» Supplied records
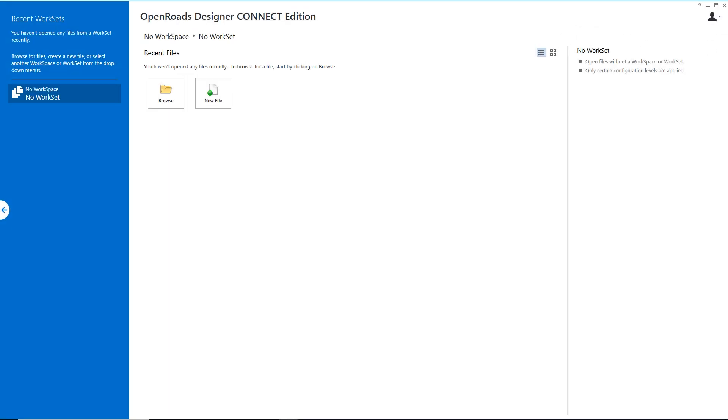Hi, I'm Don Lee with Bentley Systems and today I'm going to show you how to generate plan and profile sheets using OpenRoads Designer Connect Edition.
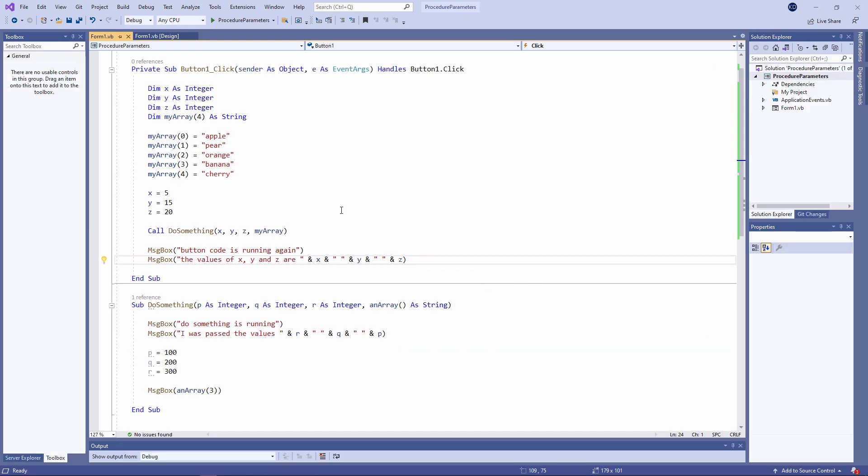Give it a try yourself. See if you can pass some data from one procedure to another, either as single items of data or as an array.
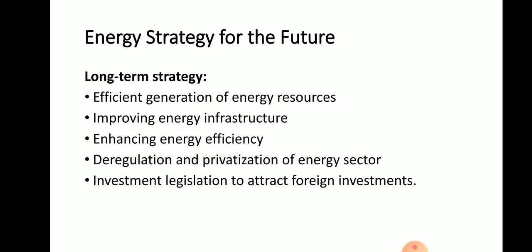Labeling programs for products and adoption of energy-efficient technologies in large industries — for example, two-star, three-star, four-star ratings — are part of the strategy. Deregulation and privatization of energy sectors include reducing subsidies on oil products and electricity, decontrolling coal prices, making natural gas prices competitive, and privatization of oil, coal, and power sectors for improved efficiency. The last point is investment legislation to attract foreign investment, and streamlining the approval process for attracting private sector participation in power generation, transmission, and distribution.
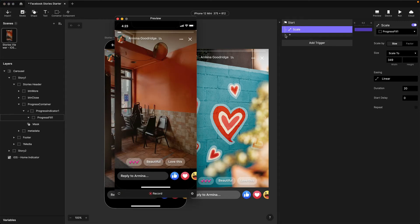Let's preview that and see what we've got. You can see the progress bar is now working, counting up, and with the mask applied it looks like it's counting through the different images in the first story.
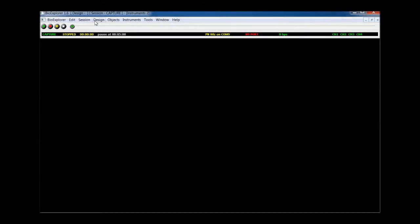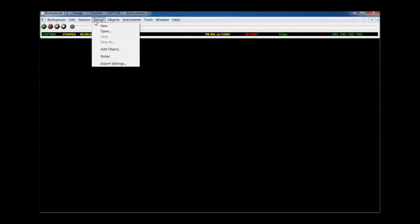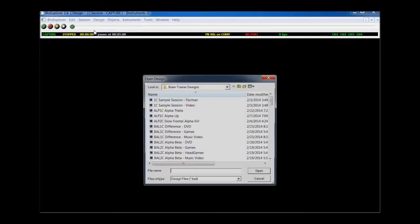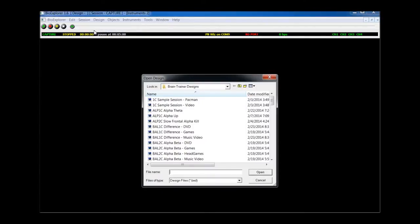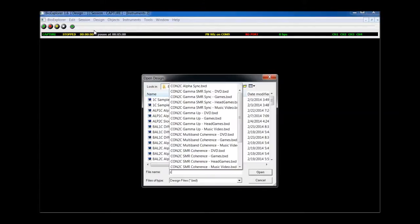You can easily find the design you want by selecting Design, Open, and start to type the name. A list of designs in that category will come up, from which you can select.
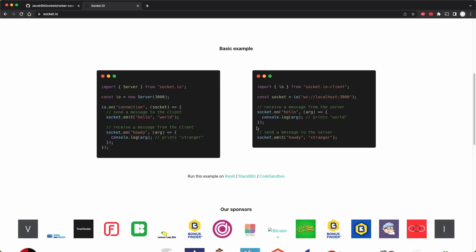Next, the client will emit Howdy as an event with the payload Stranger, and the server will receive this Howdy event with the payload Stranger, which doesn't have to be a string, it could be a more complete object, and the server will print Stranger. So although this is very basic, I hope you start to see how we can communicate back and forth between the client and the server for our polls application.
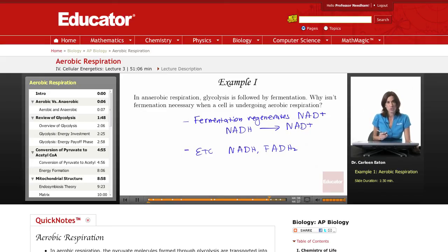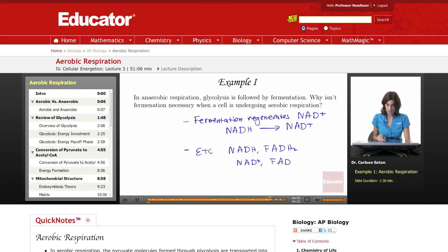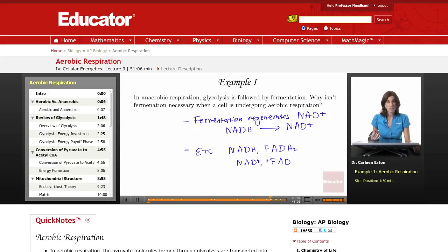In the process of doing that, they're oxidized — back to NAD+ and FAD. So fermentation is not necessary for aerobic respiration because both of these are oxidized back to their original forms just by transferring their electrons to the ETC. So NAD+ and FAD are automatically regenerated and can be reused for glycolysis and the citric acid cycle.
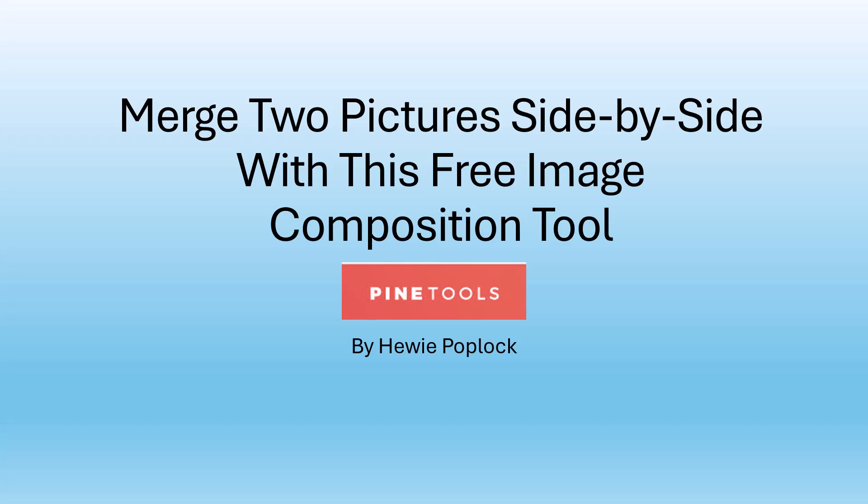Merge two pictures side-by-side with this free image composition tool. I'm Huey Poplock.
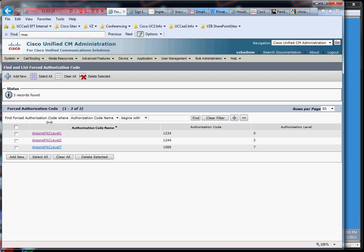Similarly for long distance and then also for international. Now, a lot of times it was the same code. People would be assigned a code or something like that. Call manager or CUCM has this authorization level. So you can tier it like a local call could be this authentication code and that would match a route pattern, and then a long distance call would be this authentication code, and then an international call would need this authentication code.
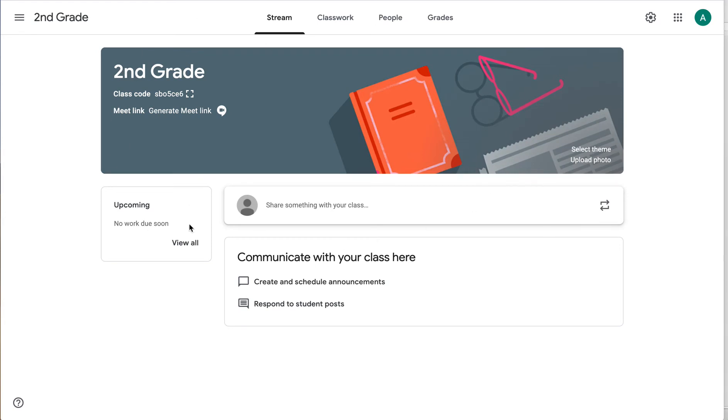Alright, let's talk about your Google Classroom header and how to customize that and use that space to be helpful.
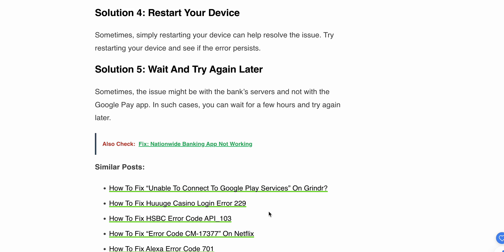The fifth solution is to wait and try again later. Sometimes the issue might be with the bank server and not with the Google Pay app. In such cases, you can wait a few hours and try again later. Thank you — hopefully these steps help you resolve the issue properly.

» Exercise prompt
With the pictures omitted, reproduce the records in full and exactly.

» Answer to this exercise
Hi, I'm Don Lee with Bentley Systems and today I'm going to show you how to generate plan and profile sheets using OpenRoads Designer Connect Edition.
Give it a try yourself. See if you can pass some data from one procedure to another, either as single items of data or as an array.
Labeling programs for products and adoption of energy-efficient technologies in large industries — for example, two-star, three-star, four-star ratings — are part of the strategy. Deregulation and privatization of energy sectors include reducing subsidies on oil products and electricity, decontrolling coal prices, making natural gas prices competitive, and privatization of oil, coal, and power sectors for improved efficiency. The last point is investment legislation to attract foreign investment, and streamlining the approval process for attracting private sector participation in power generation, transmission, and distribution.
Let's preview that and see what we've got. You can see the progress bar is now working, counting up, and with the mask applied it looks like it's counting through the different images in the first story.
You can easily find the design you want by selecting Design, Open, and start to type the name. A list of designs in that category will come up, from which you can select.
Next, the client will emit Howdy as an event with the payload Stranger, and the server will receive this Howdy event with the payload Stranger, which doesn't have to be a string, it could be a more complete object, and the server will print Stranger. So although this is very basic, I hope you start to see how we can communicate back and forth between the client and the server for our polls application.
In the process of doing that, they're oxidized — back to NAD+ and FAD. So fermentation is not necessary for aerobic respiration because both of these are oxidized back to their original forms just by transferring their electrons to the ETC. So NAD+ and FAD are automatically regenerated and can be reused for glycolysis and the citric acid cycle.
Merge two pictures side-by-side with this free image composition tool. I'm Huey Poplock.
Similarly for long distance and then also for international. Now, a lot of times it was the same code. People would be assigned a code or something like that. Call manager or CUCM has this authorization level. So you can tier it like a local call could be this authentication code and that would match a route pattern, and then a long distance call would be this authentication code, and then an international call would need this authentication code.
Alright, let's talk about your Google Classroom header and how to customize that and use that space to be helpful.
The fifth solution is to wait and try again later. Sometimes the issue might be with the bank server and not with the Google Pay app. In such cases, you can wait a few hours and try again later. Thank you — hopefully these steps help you resolve the issue properly.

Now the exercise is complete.